The instructional booklet to the video game World Series Baseball [for Sega, 1992] informs the player: "You'll always control the fielder nearest the ball; when he catches it, it's vital to think fast and gun it to the cut-off man." The same booklet asks: "Are you quick enough to turn a screaming grounder into a 5-4-3 double play?" Likewise, an ad in a recent ESPN magazine [Sep. '99] informs us:

"NFL GameDay 2000 gives you 1,200 new plays and 200 new motion captured moves designed and performed by 45 NFL players. There's a Training Camp Mode to practice plays, and a GM mode to manage your team over multiple seasons. We've even added a revolutionary telestrator along with Dick Enberg and Phil Simms commentary."

Such tactics reveal that video games appeal to multiple levels of the sports fan. The games promise not only the simulation of gameplay but also the simulation of watching sports on television with familiar commentators, analysis, and instant replays.

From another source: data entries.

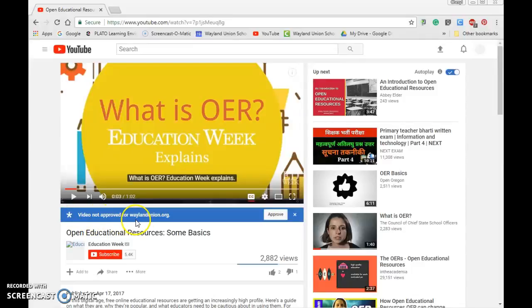It says 'video not approved for WaylandUnion.org.' You have the opportunity here as a teacher or staff member to approve that video. By doing that, you are allowing anybody within the WaylandUnion, when they are logged into their WaylandUnion account, to watch this video. I'm going to go ahead and approve this OER video, and you'll notice it does change. If for some reason this video was not good, you can remove that approval right there.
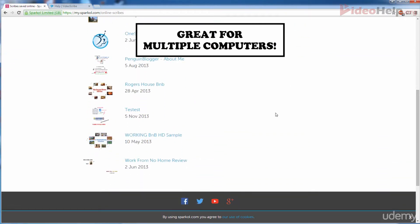You can login from any computer that has VideoScribe installed, import your scribe from the cloud, and create amazing whiteboard animation from anywhere around the world.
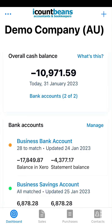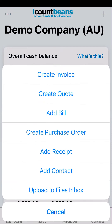Hi everyone, today we're going to go through how to create a new invoice in the Xero mobile phone app. When you log in, in the top right hand corner there's a blue plus symbol — our create new shortcut — and we want to click on create invoice, which is the first one at the top.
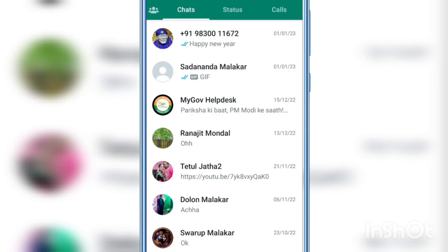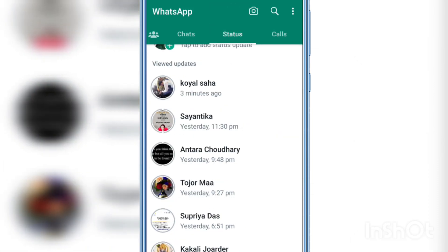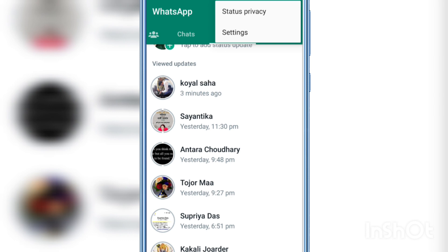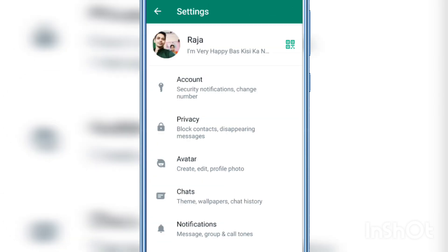Hello everyone, in this video I'm gonna show you how to delete WhatsApp about info. Open WhatsApp, then click the three dots on the upper right corner, click Settings, then click your profile name.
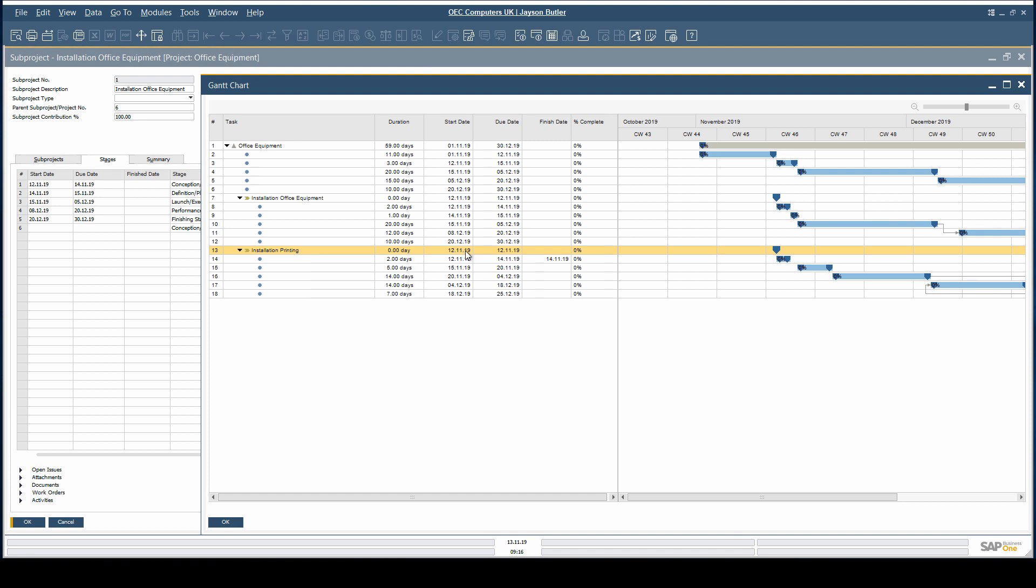The Due Date and Finish Date fields help keep control on project date management.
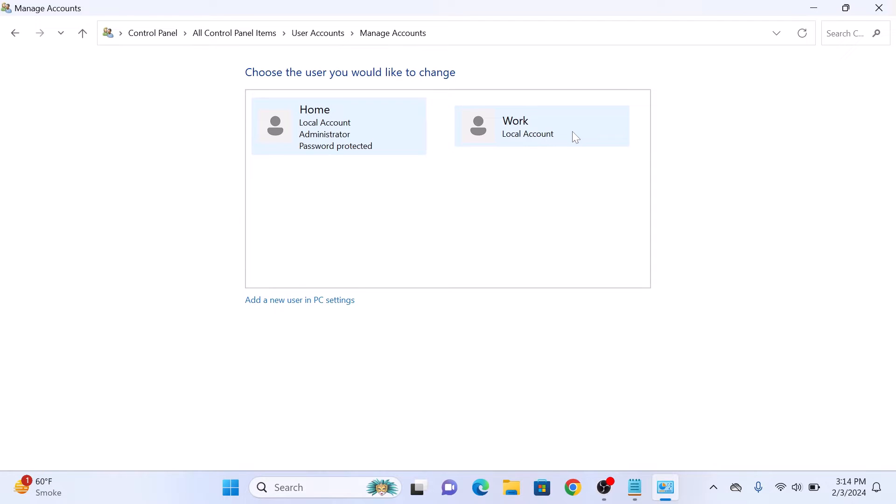You can only change account type from administrator to standard if you have another administrator account on your computer. So click on this account.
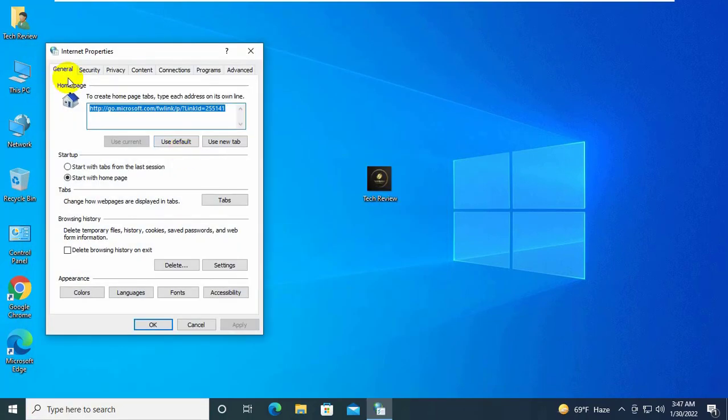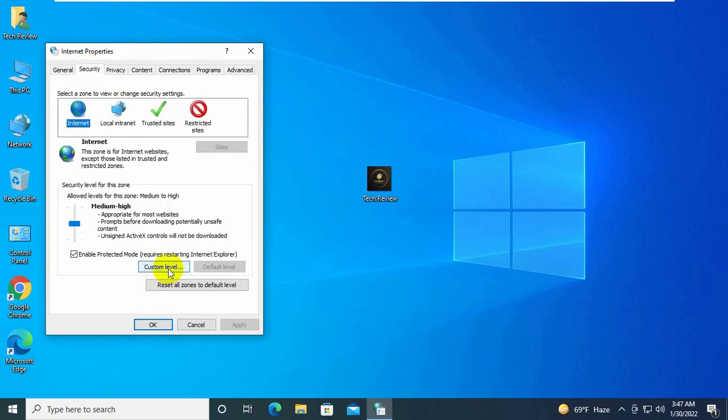After opening the internet option, click on the security tab. Click on the custom level.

Even Hall of Fame broadcaster Vin Scully adds his voice to a recent baseball video game. Scully, as a protégé of the celebrated pioneer of radio baseball Red Barber, provides the video game with an audio link to the past.

Magazines, from the old Nintendo Power to the new game system zines on the web, feature tips on how to play games. Sports simulation video games include "how to" tips from the superstar players who lend their names to the product - a practice akin to the playing tips columns in newspapers from the early part of the century and the similar segments on sports television. For example, Joe Montana's strategy tips are included in the game-play of his football video game. GameDay 2000 features a playing tips section and a practice mode as part of the video game.

Finally, video games base their appeal to the consumer on the number of variables they offer. Thus, they appeal to a similar speculative activity that fuels sports spectatorship. Each year brings new baseball, football, and basketball simulations which add new variables: different dimensions of more ball parks, more players, more variability in controlling players (for example, shifting player control of linesmen, quarterbacks, and wide receivers; through the various positions of baseball; or multiple-player basketball). New video games allow players to engage in managerial decisions by assessing and trading players. Video games have even recombined historical teams, using statistical averages to allow time-travel with players from different eras playing on virtual fields of dreams.

These shifting identifications have a historical continuity with sports fan culture: from the imaginative interpretation and speculation of the sports spectator to trading and collecting baseball cards to rotisserie leagues to the top-down, fluid level of engagement described earlier regarding the instant-replay.

Re: Play: Conclusion

The manifestation of such intertextual weaving and cognitive interpretation as it relates to the sports spectator reveals the importance of video game culture within the traditional study of spectatorship. Video game players offer an insightful re-play of our traditional perception of the spectator. This paper situates the current phenomena and cultural transformation represented by video games within a historical perspective of earlier periods of social change. The history of the analytical sports spectator and the related technological developments surrounding sports-watching--from wire-service statistics in early telegraphy to print journalism to radio broadcasting to televisual analytical devices such as the instant-replay-- sheds light on the interactive role of the video game player. Replaying spectating as a cognitive activity allows us to recognize an historical (and theoretical) continuum from previous negotiations between spectators and new media technologies (such as the new technology of the instant-replay and its relation to the traditional sports spectator). Video games thereby become positioned within a historical line of sports spectatorship and its attendant notions of interactivity.